Thursday, January 22, 2009

Well of course the rules don't apply to Desmond

Don't know if any of you are big "Lost" fans. I'm not, but still caught the season premiere last night. Actually the first hour was all I could handle because it appears this season they are finally resorting to that most confusing of plot elements -- time travel. Oh God why.

As if this show needed a more labyrinthine narrative. Even the writers seem to be struggling with it -- they already are exempting characters from the rules of space-time. So the character can wake up after experiencing a change in his past and say something like, "That wasn't a dream, it was a memory." It's gonna need a lot more of gun-toting Hurley to maintain its DVR status.

This got me thinking -- what TV shows have successfully used time travel. Quantum Leap and Doctor Who are the only ones I could think of that don't completely suck. Uh, Heroes? I guess that worked out OK for a while. Yeah wikipedia's got nothing. Seven Days? Christ. Although that Outer Limits episode sounds promising.
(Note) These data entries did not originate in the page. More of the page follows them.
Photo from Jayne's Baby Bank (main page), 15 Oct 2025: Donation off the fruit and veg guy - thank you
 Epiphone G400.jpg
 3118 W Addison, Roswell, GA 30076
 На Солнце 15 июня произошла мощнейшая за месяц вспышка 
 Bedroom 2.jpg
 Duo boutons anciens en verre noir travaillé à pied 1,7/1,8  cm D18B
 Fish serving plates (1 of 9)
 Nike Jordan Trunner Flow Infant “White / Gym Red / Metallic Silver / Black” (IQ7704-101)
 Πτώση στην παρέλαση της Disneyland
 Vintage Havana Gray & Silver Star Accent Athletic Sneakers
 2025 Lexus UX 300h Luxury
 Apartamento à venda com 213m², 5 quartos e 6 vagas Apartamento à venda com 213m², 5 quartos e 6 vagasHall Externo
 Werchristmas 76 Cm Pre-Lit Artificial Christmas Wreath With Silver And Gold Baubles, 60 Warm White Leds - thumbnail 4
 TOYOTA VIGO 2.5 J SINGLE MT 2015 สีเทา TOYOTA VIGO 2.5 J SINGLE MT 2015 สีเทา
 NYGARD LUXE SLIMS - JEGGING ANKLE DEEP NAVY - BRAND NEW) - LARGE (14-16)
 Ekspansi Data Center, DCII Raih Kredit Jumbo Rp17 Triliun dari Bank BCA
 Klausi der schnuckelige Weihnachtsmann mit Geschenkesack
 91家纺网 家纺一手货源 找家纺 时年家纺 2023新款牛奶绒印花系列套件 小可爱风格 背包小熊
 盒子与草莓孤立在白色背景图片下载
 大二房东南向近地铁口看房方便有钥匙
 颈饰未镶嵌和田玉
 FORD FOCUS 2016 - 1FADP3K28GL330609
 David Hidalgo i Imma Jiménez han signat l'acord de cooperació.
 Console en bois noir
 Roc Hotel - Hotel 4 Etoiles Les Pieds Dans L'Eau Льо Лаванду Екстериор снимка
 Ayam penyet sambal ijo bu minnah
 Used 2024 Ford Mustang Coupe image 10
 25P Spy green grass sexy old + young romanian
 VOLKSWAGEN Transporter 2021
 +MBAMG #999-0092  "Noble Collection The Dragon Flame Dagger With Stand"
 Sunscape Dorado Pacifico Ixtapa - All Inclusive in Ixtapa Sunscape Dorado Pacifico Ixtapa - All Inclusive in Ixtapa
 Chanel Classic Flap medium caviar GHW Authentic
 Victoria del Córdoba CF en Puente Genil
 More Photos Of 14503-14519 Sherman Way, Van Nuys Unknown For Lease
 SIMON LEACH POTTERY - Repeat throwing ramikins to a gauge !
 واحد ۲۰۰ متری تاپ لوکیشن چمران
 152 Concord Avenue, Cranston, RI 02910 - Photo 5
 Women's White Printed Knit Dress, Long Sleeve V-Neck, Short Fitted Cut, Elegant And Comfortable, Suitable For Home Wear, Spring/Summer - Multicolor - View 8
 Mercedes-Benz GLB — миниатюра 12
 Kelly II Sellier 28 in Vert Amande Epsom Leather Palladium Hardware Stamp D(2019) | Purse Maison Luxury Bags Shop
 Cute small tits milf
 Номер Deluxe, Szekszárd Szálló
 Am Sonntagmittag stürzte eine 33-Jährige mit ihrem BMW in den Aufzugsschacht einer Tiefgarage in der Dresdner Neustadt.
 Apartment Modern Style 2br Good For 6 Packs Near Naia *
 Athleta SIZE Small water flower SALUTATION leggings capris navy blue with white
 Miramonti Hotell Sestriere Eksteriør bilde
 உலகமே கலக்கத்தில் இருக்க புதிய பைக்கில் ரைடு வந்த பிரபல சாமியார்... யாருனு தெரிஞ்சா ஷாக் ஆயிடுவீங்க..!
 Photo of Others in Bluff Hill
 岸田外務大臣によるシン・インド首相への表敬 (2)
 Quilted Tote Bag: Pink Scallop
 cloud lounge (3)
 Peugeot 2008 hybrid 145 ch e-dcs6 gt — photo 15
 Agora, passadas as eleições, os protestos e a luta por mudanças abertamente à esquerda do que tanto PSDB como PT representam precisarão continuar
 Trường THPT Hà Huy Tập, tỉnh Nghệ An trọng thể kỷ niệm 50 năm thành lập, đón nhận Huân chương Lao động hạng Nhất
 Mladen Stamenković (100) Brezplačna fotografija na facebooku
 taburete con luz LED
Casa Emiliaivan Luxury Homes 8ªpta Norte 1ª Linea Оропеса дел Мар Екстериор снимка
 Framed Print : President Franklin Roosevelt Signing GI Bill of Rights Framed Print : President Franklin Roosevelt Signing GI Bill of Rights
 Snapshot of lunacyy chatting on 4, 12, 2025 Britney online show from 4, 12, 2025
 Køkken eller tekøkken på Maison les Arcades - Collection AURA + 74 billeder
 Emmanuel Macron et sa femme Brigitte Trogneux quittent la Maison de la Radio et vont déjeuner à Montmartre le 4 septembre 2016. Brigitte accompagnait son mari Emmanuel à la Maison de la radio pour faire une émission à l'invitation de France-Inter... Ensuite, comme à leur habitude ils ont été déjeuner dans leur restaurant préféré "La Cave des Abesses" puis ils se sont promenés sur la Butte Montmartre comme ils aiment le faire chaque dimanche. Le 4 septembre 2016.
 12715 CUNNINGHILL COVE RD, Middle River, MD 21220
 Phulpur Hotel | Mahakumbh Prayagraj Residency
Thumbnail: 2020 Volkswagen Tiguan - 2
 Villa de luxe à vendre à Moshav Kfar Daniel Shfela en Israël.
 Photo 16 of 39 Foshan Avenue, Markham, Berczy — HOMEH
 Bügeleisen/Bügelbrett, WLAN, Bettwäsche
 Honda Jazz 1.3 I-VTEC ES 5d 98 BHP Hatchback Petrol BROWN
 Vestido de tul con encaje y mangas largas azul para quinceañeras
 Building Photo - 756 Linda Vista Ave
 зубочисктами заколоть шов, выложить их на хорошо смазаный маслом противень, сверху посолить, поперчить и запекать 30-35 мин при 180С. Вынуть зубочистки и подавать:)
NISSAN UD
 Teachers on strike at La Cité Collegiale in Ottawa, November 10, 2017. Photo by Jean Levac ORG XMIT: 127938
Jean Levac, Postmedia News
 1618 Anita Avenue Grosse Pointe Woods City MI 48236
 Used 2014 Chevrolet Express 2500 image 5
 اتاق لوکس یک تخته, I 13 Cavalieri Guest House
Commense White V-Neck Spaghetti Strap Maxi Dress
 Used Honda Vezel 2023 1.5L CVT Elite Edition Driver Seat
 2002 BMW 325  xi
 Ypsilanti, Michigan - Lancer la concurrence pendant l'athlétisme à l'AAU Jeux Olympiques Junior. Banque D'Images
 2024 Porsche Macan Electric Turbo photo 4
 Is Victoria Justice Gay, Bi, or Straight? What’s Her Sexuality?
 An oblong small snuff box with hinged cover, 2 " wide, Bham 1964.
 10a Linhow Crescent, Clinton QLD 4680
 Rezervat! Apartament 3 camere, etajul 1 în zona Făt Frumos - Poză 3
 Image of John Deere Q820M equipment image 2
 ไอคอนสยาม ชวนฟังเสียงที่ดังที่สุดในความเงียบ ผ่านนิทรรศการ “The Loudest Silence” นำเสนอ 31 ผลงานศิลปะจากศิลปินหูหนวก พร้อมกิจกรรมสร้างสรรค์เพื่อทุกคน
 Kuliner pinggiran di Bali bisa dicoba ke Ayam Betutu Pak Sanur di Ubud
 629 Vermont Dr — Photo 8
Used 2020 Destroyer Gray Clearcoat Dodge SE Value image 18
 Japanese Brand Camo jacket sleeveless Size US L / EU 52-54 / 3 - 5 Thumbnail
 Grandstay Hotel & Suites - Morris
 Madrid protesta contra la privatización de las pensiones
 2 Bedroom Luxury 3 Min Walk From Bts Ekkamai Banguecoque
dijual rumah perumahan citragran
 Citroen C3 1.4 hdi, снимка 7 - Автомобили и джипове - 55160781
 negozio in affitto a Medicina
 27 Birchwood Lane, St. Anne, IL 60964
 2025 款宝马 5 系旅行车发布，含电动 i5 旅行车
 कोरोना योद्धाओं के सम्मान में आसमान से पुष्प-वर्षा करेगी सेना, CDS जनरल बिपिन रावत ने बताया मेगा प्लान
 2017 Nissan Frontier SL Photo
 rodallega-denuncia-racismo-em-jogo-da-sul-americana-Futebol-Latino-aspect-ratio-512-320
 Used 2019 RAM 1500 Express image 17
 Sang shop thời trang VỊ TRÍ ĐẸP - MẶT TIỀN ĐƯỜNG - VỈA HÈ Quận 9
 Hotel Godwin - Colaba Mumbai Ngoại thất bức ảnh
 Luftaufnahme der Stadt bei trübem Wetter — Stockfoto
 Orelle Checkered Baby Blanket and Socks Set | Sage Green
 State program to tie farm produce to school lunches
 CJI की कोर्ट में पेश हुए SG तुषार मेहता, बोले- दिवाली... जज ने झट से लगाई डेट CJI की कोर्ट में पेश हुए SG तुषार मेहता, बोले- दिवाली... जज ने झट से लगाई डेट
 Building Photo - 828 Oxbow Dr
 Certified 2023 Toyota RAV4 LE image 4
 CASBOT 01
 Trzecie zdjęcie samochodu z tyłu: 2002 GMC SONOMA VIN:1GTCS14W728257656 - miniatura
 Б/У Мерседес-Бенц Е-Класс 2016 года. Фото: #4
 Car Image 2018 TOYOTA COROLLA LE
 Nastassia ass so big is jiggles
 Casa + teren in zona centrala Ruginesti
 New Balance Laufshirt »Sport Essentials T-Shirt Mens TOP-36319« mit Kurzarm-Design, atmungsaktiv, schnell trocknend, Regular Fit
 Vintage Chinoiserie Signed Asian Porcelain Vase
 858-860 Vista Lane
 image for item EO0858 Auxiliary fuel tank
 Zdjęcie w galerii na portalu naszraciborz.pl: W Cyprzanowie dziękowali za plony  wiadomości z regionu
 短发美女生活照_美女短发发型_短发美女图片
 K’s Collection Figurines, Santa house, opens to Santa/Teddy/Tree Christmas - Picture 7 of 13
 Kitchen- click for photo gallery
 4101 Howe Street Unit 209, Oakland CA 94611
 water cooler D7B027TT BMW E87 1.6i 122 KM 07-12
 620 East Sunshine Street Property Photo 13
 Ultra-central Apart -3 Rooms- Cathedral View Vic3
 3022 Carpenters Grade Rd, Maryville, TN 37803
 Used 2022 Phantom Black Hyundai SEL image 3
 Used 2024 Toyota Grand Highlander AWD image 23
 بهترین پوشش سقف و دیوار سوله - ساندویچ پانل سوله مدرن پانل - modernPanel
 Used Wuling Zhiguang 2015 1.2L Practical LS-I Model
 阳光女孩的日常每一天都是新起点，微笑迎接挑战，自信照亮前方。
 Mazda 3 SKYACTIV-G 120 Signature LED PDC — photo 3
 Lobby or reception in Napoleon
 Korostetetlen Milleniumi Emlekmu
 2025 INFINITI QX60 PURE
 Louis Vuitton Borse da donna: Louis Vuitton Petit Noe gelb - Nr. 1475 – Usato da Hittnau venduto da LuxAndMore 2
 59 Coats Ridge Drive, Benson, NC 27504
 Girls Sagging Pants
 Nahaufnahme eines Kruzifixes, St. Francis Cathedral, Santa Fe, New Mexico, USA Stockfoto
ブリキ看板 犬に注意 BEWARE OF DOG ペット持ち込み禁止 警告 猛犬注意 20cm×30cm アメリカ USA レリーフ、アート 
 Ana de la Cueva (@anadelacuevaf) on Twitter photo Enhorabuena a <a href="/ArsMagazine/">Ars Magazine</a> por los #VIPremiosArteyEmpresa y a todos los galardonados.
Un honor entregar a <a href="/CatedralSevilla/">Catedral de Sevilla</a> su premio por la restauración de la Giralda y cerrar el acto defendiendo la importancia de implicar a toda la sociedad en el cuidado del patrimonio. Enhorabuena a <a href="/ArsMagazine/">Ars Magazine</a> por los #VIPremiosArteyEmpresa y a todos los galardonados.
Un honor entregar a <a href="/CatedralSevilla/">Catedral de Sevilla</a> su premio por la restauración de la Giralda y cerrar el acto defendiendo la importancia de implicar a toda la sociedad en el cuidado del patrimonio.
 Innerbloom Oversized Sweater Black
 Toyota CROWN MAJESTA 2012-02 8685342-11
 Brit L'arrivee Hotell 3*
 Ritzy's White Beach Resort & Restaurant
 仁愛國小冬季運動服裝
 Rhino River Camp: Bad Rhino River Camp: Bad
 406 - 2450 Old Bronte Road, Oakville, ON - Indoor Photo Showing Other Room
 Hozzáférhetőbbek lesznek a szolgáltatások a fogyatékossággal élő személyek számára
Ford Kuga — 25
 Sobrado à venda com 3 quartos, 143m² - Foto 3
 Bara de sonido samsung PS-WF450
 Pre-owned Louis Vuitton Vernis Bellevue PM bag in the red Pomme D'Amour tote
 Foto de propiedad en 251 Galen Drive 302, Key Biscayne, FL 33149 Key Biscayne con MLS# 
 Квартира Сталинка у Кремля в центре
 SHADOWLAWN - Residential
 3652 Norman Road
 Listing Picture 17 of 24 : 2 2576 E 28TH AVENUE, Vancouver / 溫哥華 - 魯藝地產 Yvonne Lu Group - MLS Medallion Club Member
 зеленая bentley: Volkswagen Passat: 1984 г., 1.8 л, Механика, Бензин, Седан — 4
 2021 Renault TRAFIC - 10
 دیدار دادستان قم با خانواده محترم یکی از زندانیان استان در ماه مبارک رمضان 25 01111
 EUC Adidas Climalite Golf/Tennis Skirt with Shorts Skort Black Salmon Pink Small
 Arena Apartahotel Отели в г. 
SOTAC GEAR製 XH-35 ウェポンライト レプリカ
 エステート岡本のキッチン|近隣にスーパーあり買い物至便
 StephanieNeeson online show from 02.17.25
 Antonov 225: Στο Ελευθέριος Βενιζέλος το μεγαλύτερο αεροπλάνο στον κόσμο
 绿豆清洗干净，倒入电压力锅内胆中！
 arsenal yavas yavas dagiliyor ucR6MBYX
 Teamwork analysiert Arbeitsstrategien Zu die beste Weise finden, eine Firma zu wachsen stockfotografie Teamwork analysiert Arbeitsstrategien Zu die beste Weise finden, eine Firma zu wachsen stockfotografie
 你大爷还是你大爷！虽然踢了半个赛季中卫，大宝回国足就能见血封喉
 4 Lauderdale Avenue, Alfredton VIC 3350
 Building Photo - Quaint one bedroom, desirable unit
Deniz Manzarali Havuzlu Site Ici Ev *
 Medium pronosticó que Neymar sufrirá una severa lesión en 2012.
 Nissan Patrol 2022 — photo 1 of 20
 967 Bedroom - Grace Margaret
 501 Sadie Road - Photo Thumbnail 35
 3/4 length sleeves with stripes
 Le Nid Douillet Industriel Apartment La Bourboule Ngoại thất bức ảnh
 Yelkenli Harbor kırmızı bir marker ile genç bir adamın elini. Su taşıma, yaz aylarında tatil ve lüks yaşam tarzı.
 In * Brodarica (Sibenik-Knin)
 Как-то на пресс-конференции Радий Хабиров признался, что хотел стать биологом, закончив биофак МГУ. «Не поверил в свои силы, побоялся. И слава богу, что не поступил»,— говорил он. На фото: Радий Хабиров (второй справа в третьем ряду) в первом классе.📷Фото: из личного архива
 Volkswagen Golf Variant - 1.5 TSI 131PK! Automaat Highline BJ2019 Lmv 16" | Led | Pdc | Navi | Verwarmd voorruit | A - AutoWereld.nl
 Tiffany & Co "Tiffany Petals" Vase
What's weird about this is that time-travel works so well in other media. There are tons of well thought out films and books that deal with traveling through time, from The Time Machine to Bill and Ted's Excellent Adventure. Something about the small screen seems to make it bad.

I think that inherent crappiness is because often traveling through time is resorted to as some kind of plot cure-all. Your basically granting the writer's god-like powers to sew up any dangling plot string. Shot in the leg and bleeding to death? ZAP, now you are in a time/place where there is someone with crack bullet-removing skills. It's just too easy, lacks the kind of payoff the viewer of such a convoluted show deserves. Explain the black fog monster and the polar bear goddammit!

They should make a show where a different person goes back in time every week to kill Hitler.

3 comments:

Anonymous said...

Time Travel! Posted for you, here, Goats, is the best time-travel story of all time, written by Robert Heinlein--he who made Neil Patrick Harris into Dick Cheney.

Hey, even Jove nods.

And read Grendel. And Lost is fun when you're bombed out of your mind, especially when Hurly meta-comments on the plot.

All You Zombies, Heinlein

http://ieng9.ucsd.edu/~mfedder/zombies.html

thope said...

Heinlein: wtf? Fry approves.

Also, I won't be reading grundel, or taint or whatever for a while -- I'm deep into some David Foster Wallace. Not infinite jest.

Anonymous said...

DFW? Hot. That was a shockwave out here, when he went down in the fall.

Yes, Fry makes an excellent own grandpa.